Montevideo - Uruguay will treat the six detainees it has taken in from the US camp holding suspected terrorists in Guantanamo Bay as “totally free men” who do not represent any security threat, the defence minister told Reuters on Monday.
The men were flown to Uruguay for resettlement on Sunday, the latest step in a slow-moving push by US President Barack Obama to close the widely-condemned prison where most detainees have never been charged or tried.
Uruguayan President Jose Mujica accepted a US request to take some inmates from Guantanamo and he has said the men - four Syrians, a Tunisian and a Palestinian - can leave whenever they want or stay as long as they want.
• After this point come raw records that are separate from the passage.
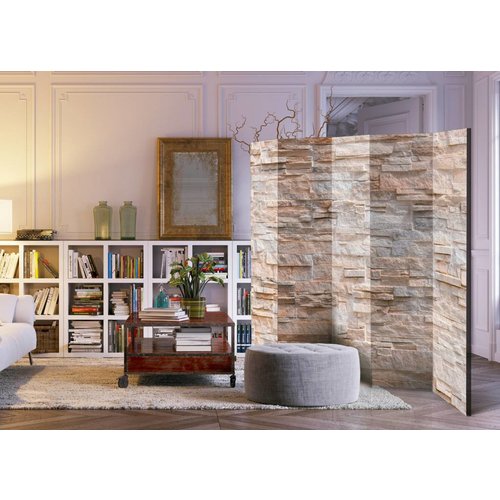 Vouwscherm / Kamerscherm - Stenen muur  225x172cm  , gemonteerd geleverd, dubbelzijdig geprint Vouwscherm / Kamerscherm - Stenen muur  225x172cm  , gemonteerd geleverd, dubbelzijdig geprint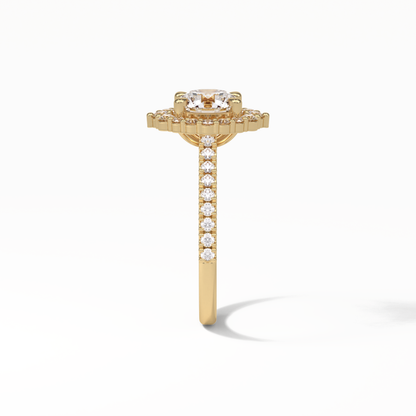 Round Pave & Halo Lab Grown Diamond Engagement Ring
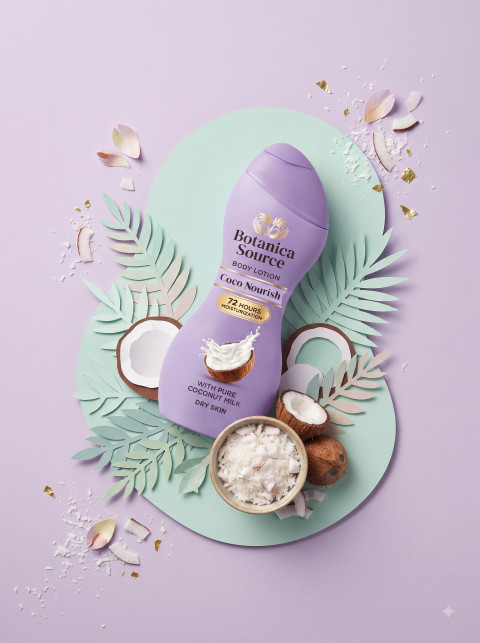 Body Lotion AI Product Photography Prompt Paper Craft Tropical Art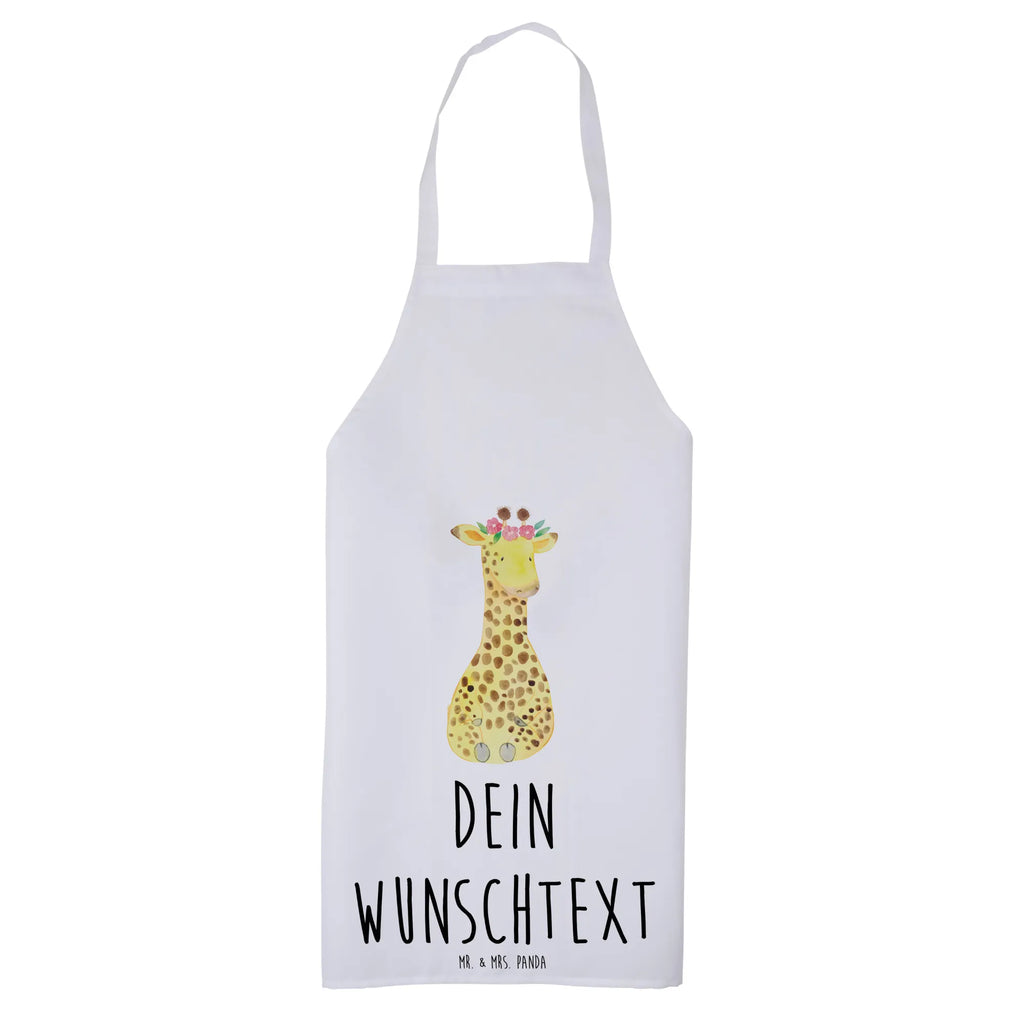 Spersonalizowany fartuch kuchenny żyrafa Wieniec kwiatów Afryka, dzikie zwierzęta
“They will not be restricted in any way. Their status is that of refugees and immigrants,” Uruguayan defence Minister Eleuterio Fernandez Huidobro said in a phone interview.
One of the ex-inmates, Syrian Omar Mahmoud Faraj who was held at Guantanamo for 12 years, thanked Uruguay in an open letter on Monday for helping free him from “that black hole”.
Fernandez Huidobro said the six have all formally requested political asylum and that Uruguay did not fix any conditions on how long they need to stay.
“That said, I am not a lawyer, there could be something that states they cannot (travel freely) but not a condition that Uruguay has imposed or accepted,” he said, adding that Uruguay has located their families and would try to bring them in.
Alka Pradhan, a lawyer for ex-inmate Jihad Diyab, said the US State Department always stipulated travel restrictions for two years when it transferred Guantanamo inmates to other countries but that it was up to Uruguay now to decide whether or not to apply them.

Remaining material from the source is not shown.